Deux longues années après la signature de cette entente, nous connaissons enfin les détails préliminaires du plan de réduction de méthane du gouvernement, qui vise à réduire de 75 % d’ici 2030 les émissions de méthane du secteur pétrolier et gazier du Canada par rapport aux niveaux de 2012. Le gouvernement prévoit y parvenir en éliminant la ventilation et le torchage courants des infrastructures pétrolières et gazières, qui font en sorte qu’une grande quantité de méthane est relâchée dans l’atmosphère. La ventilation et le torchage consistent à émettre ou à brûler les sous-produits du processus d’extraction du pétrole, principalement du gaz naturel. Les fuites de gaz, aussi assez répandues lors de la production pétrolière, sont un émetteur important de méthane. Selon la Banque mondiale, la quantité de gaz brûlé en torchère dans le monde entier pourrait permettre d’alimenter en énergie l’ensemble de l’Afrique subsaharienne.

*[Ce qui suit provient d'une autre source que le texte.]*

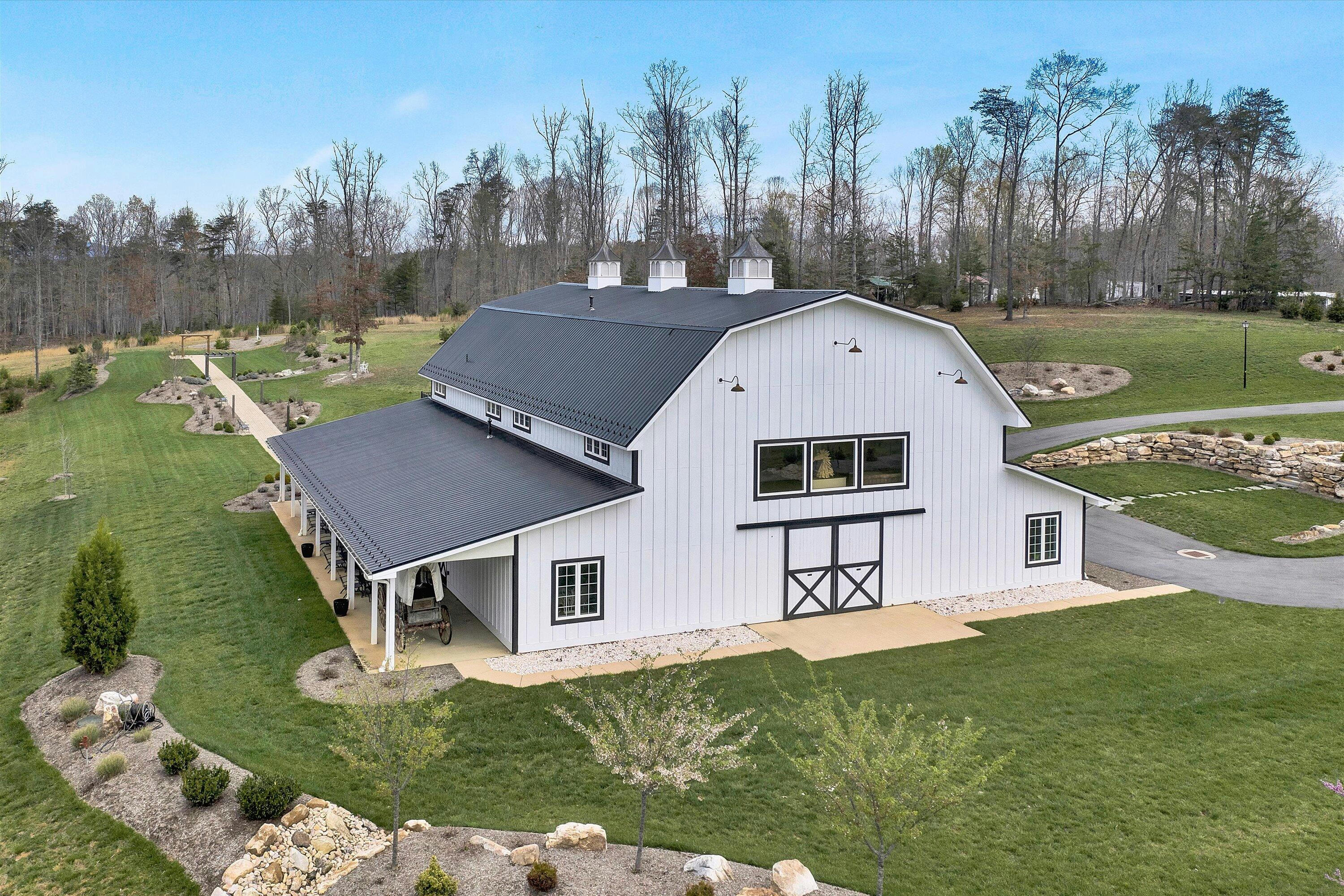 Wirtz, Virginia, 24184, United States, 3 Bedrooms Bedrooms, ,5 BathroomsBathrooms,Residential,Active,1756912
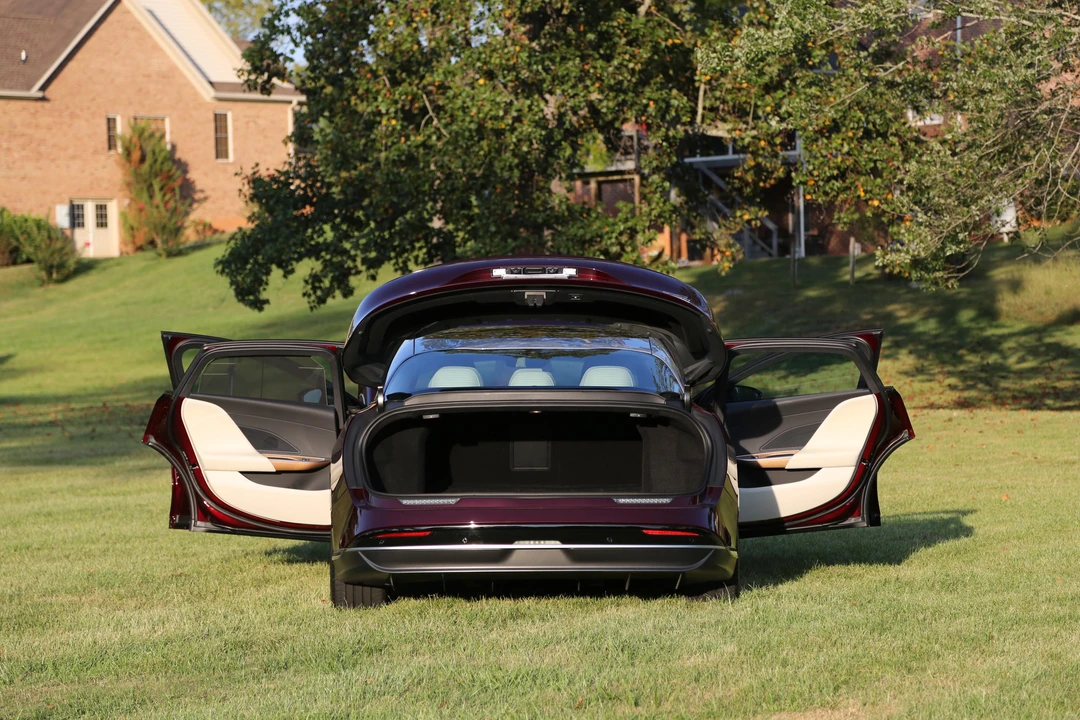 2023 Lucid Air - Image 21 of 31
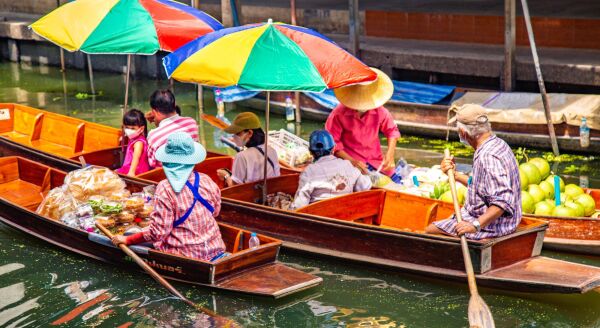 Tag 13: Maeklong-Eisenbahnmarkt und Damnoen Saduak (B/L)
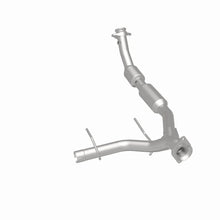 Load image into Gallery viewer, Magnaflow 03-04 Ford Expedition 5.4L Direct Fit Converter - Additional View 5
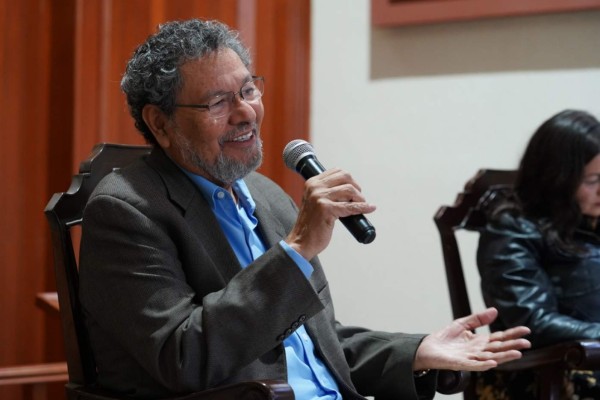 Proponen políticas de fomento a la lectura para despertar imaginario de la niñez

Les nouveaux règlements proposés interviennent à un moment où le Canada est pointé du doigt comme ayant le pire bilan climatique du G7, alors que les émissions de gaz à effet de serre ont augmenté de 2,1 % en 2022, principalement en raison de l'augmentation de la production de pétrole et de gaz. Même si le gouvernement ne cesse de marteler qu’il prend des initiatives en vue de réduire les émissions de gaz à effet de serre, le pays en produit toujours plus.

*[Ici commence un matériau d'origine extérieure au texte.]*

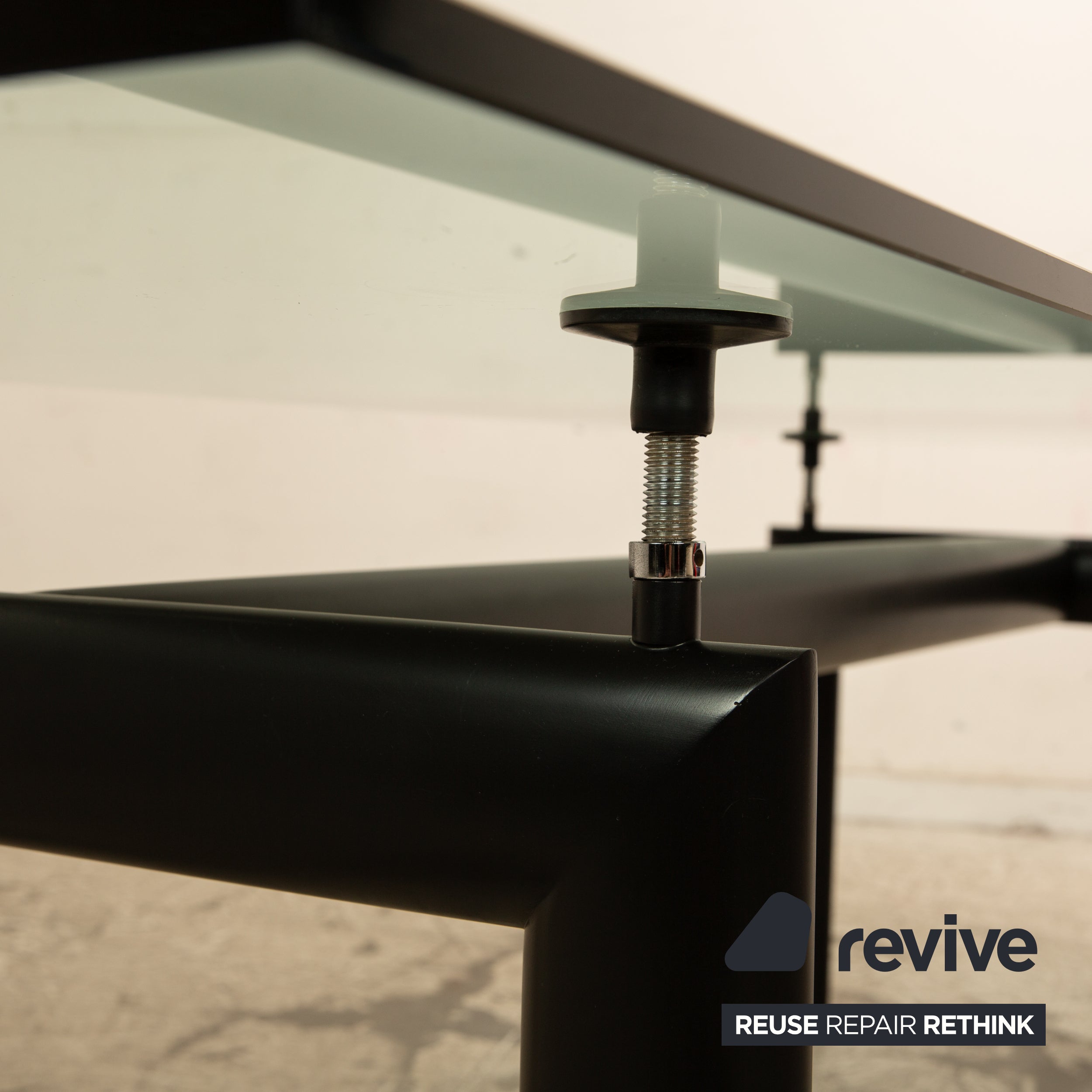Cassina Le Corbusier LC 6 table à manger en verre noir 225 x 85 x 72 cm
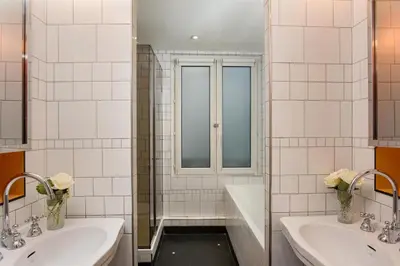 Salle de bains dans l'établissement NH Paris Opéra Faubourg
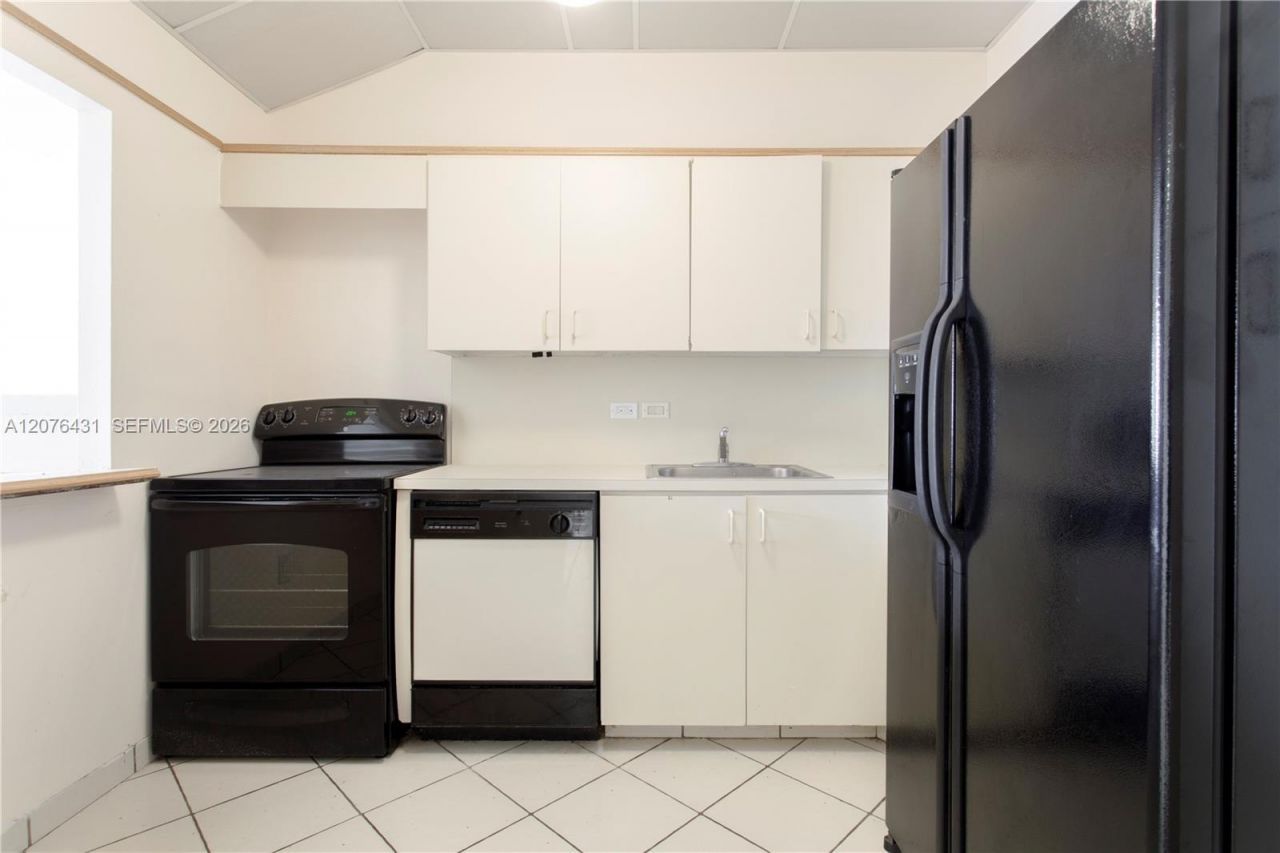 20505 E Country Club Dr, Unit PH-39, Aventura, FL 33180 Photo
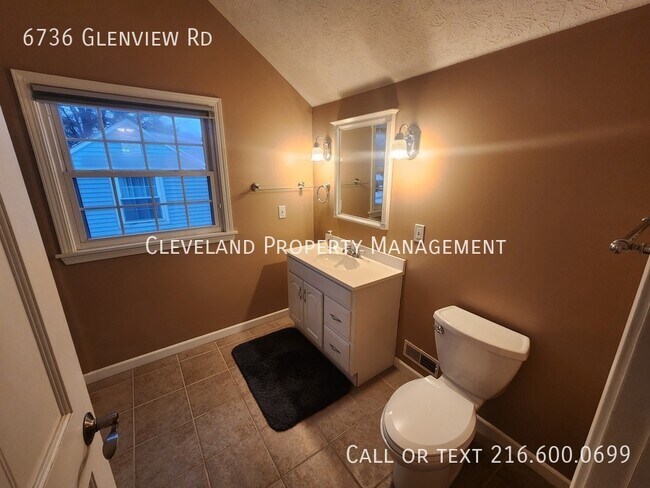 Building Photo - 6736 Glenview Rd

Dans le cadre de ses initiatives de réduction des émissions provenant des plus grands émetteurs, soit les producteurs de pétrole et de gaz, le gouvernement se concentre surtout sur le financement du captage, de l’utilisation ainsi que du stockage du carbone (CUSC). L’approche de CUSC consiste à accorder aux sociétés pétrolières et gazières des centaines de millions de dollars en subventions pour leur permettre de mettre au point une technologie de captage des émissions de carbone, dont le fonctionnement à grande échelle n’a pas encore été prouvé concrètement. Une telle approche coûte cher et permet aux grands émetteurs de s’en tirer à bon compte. Même s’il est possible d’utiliser le CUSC, la diminution de notre dépendance à l’égard des combustibles fossiles devrait être l’objectif ultime. Le maintien du statu quo ne fonctionnera pas. Nous devons faire en sorte que les intervenants du secteur pétrolier et gazier au Canada sont à l’œuvre pour réduire les émissions.

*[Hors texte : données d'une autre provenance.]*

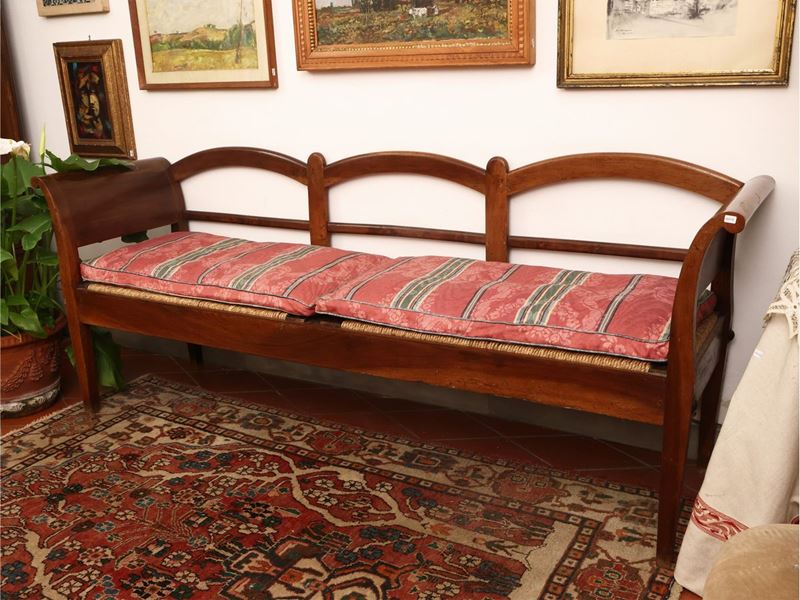 Divanetto Campagnolo a Panca in Noce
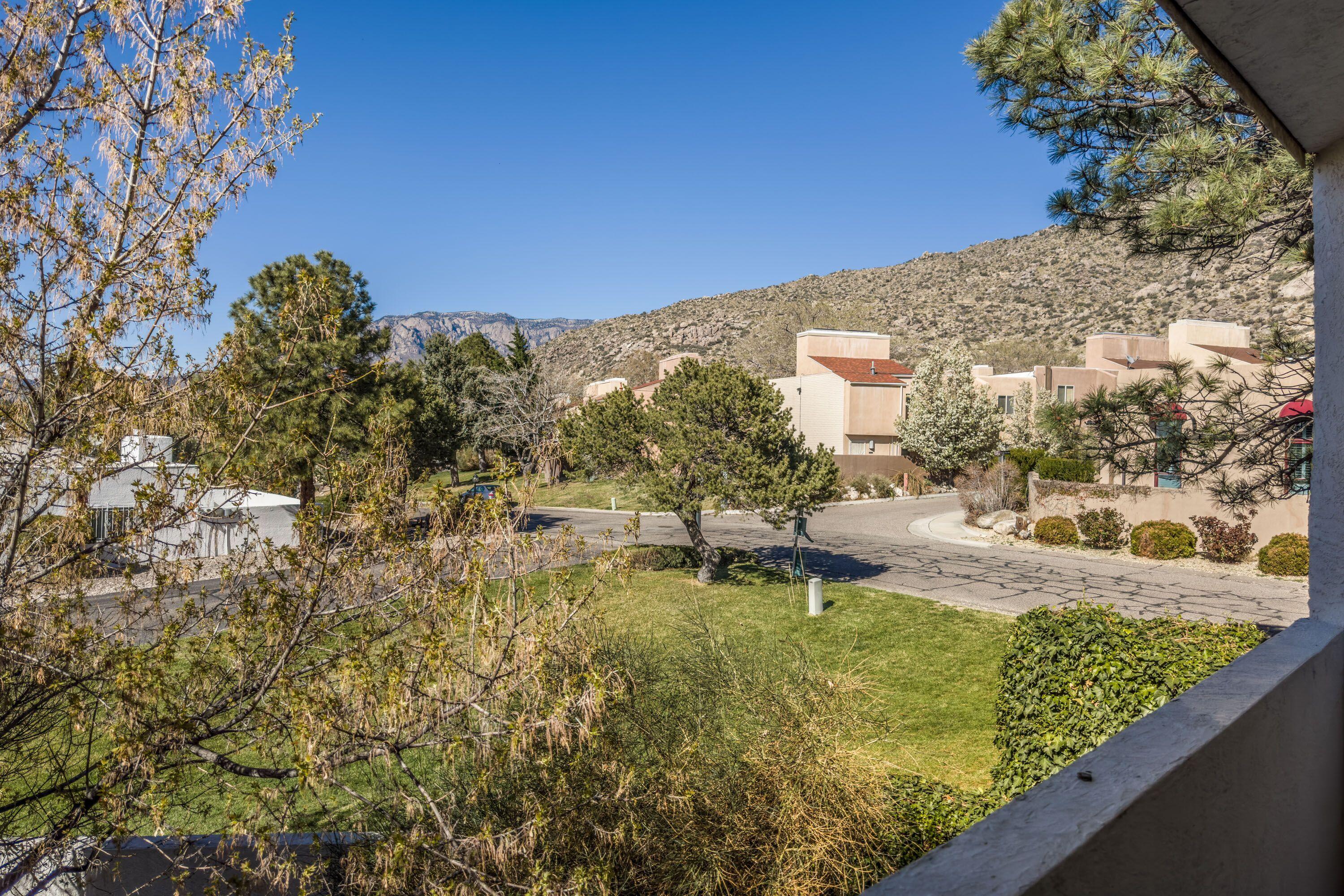 1 La Villita Circle NE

Le fait que nous ayons enfin une ébauche de règlements sur la réduction du méthane est une bonne chose, mais il est regrettable que cela ait pris autant de temps. Dans son plan de réduction des émissions du Canada, le gouvernement lance un appel à une réduction de 110 mégatonnes des émissions du secteur pétrolier et gazier d’ici 2030, et il lui faut mettre en place des règlements raisonnables pour sa réalisation. De surcroît, Environnement et Changement climatique Canada accepte les commentaires sur le projet de règlements sur le méthane jusqu’à la mi-février. Avec des règlements stricts en matière de réduction du méthane, nous pourrons commencer à contribuer à la lutte contre les changements climatiques, mais nous devons veiller à ce que ces règlements ne soient pas affaiblis lorsque le projet de loi sera réellement déposé, en particulier par l’entremise de pressions exercées par les intervenants de l’industrie.
Les Canadiens ne peuvent plus être perçus comme des traînards pour ce qui est de la réduction des émissions de carbone. Des règlements sur le méthane sont nécessaires, maintenant plus que jamais, et peuvent nous aider à atteindre la carboneutralité d’ici 2050, mais le travail ne peut plus être repoussé.